Another speaker described walk, talk exams, a technique that I’m really looking to develop more in my lessons as I move to teaching sixth form only. The concept is that you, either in advance or with the class, go through an exam students have done annotating the script with your thoughts to model the process of completing questions. Amanda Clifford (@MrsCChancellors) at the TeachMeet went as far as annotating the front page e.g. circling the time and working out the marks per minute, whereas previously I have seen people putting their thoughts in thought bubbles near a question  - ‘hmmm, here I’m thinking about these key points which will get me the four marks’. You can actually answer the question if you’d like – but I like the idea of just modelling your thoughts. Then, giving the students the annotations and leaving them to use that additional information to try the questions. Over time the amount of modelling structure I provide them with would decrease, and ideally, they would fill in the missing process. 

This seems like a great time to point out that there’s a good chance to win a prize at a TeachMeet. Usually revolving around getting their tweets up, prizes are sporadically given away during the sessions. This time they had IPEVO visualisers up for grabs, and I was fortunate enough to receive one, having tweeted that I’d use my IPEVO visualiser for modelling exam questions in real-time and for demos of practicals. I’ll let you know how I get on with this next year!

There are two further presentations I’d like to mention as favourites from the evening. The first was by Madeline Fresco-Brown who is currently on maternity and tweets under the handle @maternityCPD. Madeline is championing the concept of using your maternity time to access CPD – and making CPD more accessible to parental leave e.g. having child friendly CPD or crèche opportunities. Now, Madeline is not your average person in this circumstance, having applied for and acquired a promotion at eight and a half months pregnant, and having attended her first day CPD at 5 weeks post-partum: even she suggested that perhaps the latter was a bit too much too soon. However, I love the work she is doing: creating a network and facility for those who wish to engage with CPD in this time – be it in an ad hoc or seriously determined manner.

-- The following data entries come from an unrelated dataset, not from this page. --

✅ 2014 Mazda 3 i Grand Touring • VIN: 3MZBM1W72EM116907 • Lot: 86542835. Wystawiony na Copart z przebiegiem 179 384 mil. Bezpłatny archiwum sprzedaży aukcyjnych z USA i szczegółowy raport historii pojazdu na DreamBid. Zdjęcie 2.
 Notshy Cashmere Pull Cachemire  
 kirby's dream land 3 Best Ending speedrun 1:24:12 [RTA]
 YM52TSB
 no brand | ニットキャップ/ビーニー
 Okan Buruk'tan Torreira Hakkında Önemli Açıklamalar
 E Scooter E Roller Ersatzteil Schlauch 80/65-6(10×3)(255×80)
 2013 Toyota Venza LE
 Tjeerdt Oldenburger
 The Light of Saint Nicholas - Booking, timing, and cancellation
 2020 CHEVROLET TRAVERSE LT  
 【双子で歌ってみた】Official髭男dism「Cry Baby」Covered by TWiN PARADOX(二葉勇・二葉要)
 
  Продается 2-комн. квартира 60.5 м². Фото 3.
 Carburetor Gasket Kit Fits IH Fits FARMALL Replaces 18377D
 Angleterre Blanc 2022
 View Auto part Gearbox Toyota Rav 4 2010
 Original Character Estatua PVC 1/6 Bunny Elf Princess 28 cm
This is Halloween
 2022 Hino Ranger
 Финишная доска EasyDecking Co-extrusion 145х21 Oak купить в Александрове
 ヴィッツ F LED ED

Finally, one of the key note speakers was Professor Dame Alison Peacock (@AlisonMPeacock) who was promoting the Chartered College of Teaching. Having been meaning to sign up to this for the whole year, she finally got me. At £45 perhaps this is not an option for all, but as a member of the PLT I have been purposefully increasing my reading of educational research this year – including attending the excellent educational reading group and increasing my blogging - the access to journals is fantastic. If you’d like to see what access looks like, come and find me! Of further interest, with us becoming a research school, I hope that we are looking at the option to buy school access.

So, in September, if you notice an advert for a TeachMeet – maybe don’t delete straight away – give it a go – I definitely got value for money!